_SUPPLIED MATERIAL_
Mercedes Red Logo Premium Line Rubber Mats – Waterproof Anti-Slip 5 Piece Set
...
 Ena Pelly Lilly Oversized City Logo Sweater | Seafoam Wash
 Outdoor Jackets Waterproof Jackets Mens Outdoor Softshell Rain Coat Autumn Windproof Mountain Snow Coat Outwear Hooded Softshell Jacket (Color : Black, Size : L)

_WHAT YOU WILL DO_
The response should be the listing above, limited to the lines between the one holding "Ena Pelly Lilly" and the one holding "Outdoor Jackets Waterproof", inclusive, reproduced exactly.

_COMPLETED TASK_
 Ena Pelly Lilly Oversized City Logo Sweater | Seafoam Wash
 Outdoor Jackets Waterproof Jackets Mens Outdoor Softshell Rain Coat Autumn Windproof Mountain Snow Coat Outwear Hooded Softshell Jacket (Color : Black, Size : L)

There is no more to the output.